Il tentativo di rovesciare la realtà delle cose è stato potente e prepotente, ma ha avuto successo soprattutto nel sistema mediatico occidentlale, ancora determinato in larga parte da agenzie che agiscono in modo sincronizzato, dal centro fino all’ultimo telegiornale delle tv locali. La manipolazione e disinformazione mediatica è parte strategica di quelle che Alvaro Verzi Rangel definisce “Guerre di Quinta Generazione”.

Ma se la realtà sul campo è di un certo tipo, le manipolazioni possono non bastare più a vincere le operazioni di regime change. Resta così la strada dell’intervento militare diretto da parte degli Usa, come avvenuto spesso in America Latina e in altri paesi.

Ma se l’aggressione militare diretta – o quella tramite le agenzie di contractors che ormai vanno sostituendo gli eserciti regolari su molti fronti – ha funzionato in passato, oggi il suo esito non è affatto scontato, anzi.

L’amministrazione Usa sbandiera sempre il fatto che il golpista Guaidò è stato riconosciuto da 53 Stati, ma dimentica che gli Stati membri dell’Onu – e dunque dell’intero mondo – sono ben 193. E se gli Usa affermano che con loro sono schierati la gran parte degli Stati europei o Stati importanti dell’America Latina, il governo venezuelano di Maduro viene riconosciuto da Stati altrettanto e tendenzialmente più importanti: per popolazione, peso economico e politico. Infine i tre quarti degli Stati del mondo non hanno obbedito a Washington e non hanno riconosciuto Guaidò.
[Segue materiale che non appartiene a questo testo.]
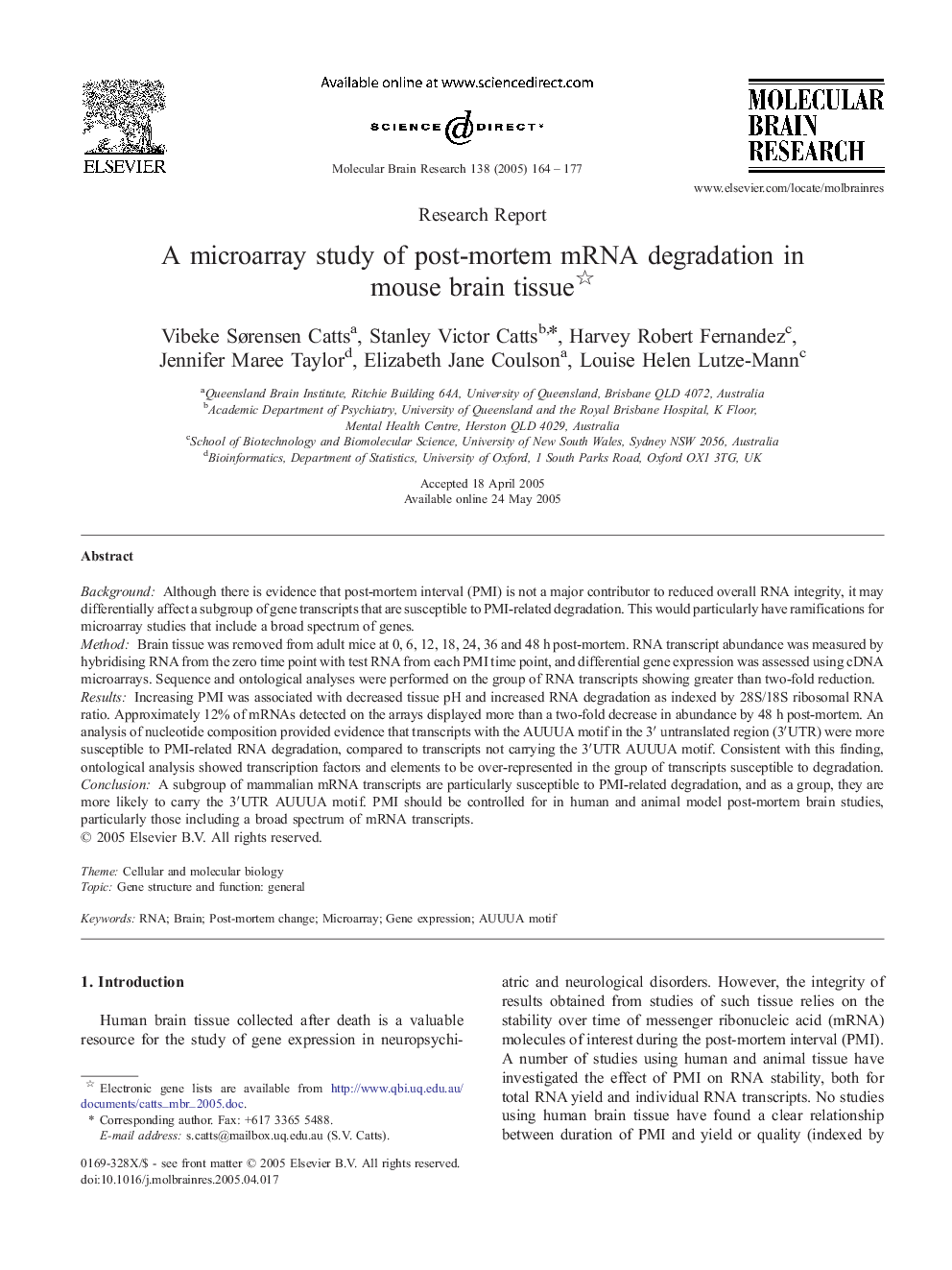 A microarray study of post-mortem mRNA degradation in mouse brain tissue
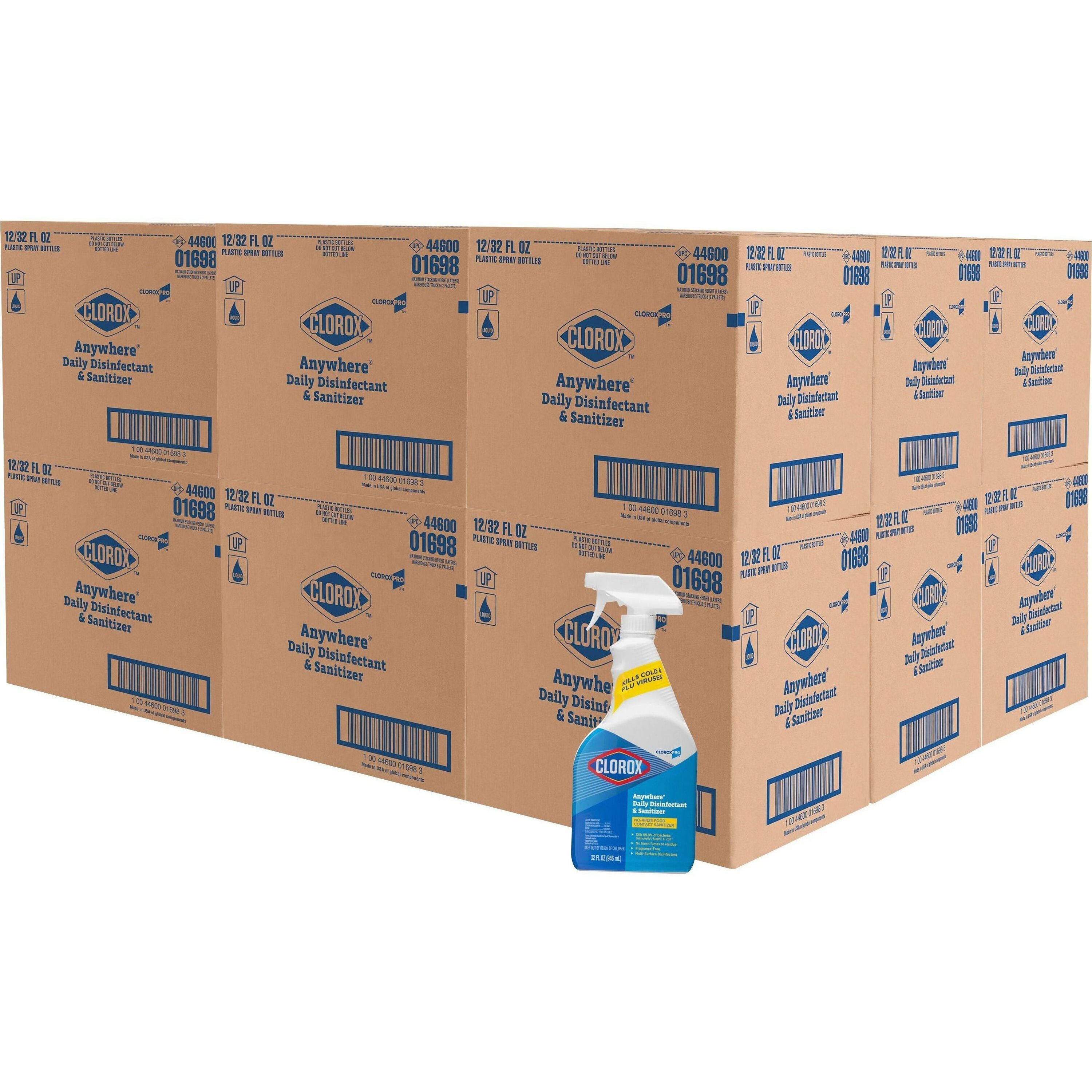 CloroxPro Anywhere Daily Disinfectant and Sanitizer - 32 fl oz (1 quart) - 216 / Bundle - Residue-free, Fume-free, Antibacterial - Clear - 1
Sono tutti dati che debbono guidare l’azione di solidarietà popolare e internazionale con il Venezuela, avendo ben chiaro che si sono forze che condividono politicamente il processo bolivariano, altre che non lo condividono ma che gli sono solidali e altre ancora che lo rispettano senza condividerlo, né solidarizzano con esso. Ma sono tutte forze reali che hanno contribuito ad impedire il rovesciamento di un governo legittimo. Per lavorare unitariamente con questo atteggiamento, il prossimo 13 aprile a Roma si riunisce per la prima volta il Forum Venezuela.

Ci troviamo dunque di fronte ad una esperienza politica e statuale, quella del Venezuela bolivariano, che sta resistendo efficacemente ad uno scenario di destabilizzazione fino ad oggi senza ostacoli.

E’ un segno dei cambiamenti in corso nel mondo, cambiamenti significativi che indicano le evidenti difficoltà del primus inter pares – gli Stati Uniti – di tutti gli assetti strategici della fase storica precedente. Un indebolimento che lo rende meno capace di dettare i destini di tutto il mondo ma non per questo meno pericoloso. Il Venezuela resiste e dobbiamo essergliene grati.

Dimostriamolo il prossimo 13 aprile.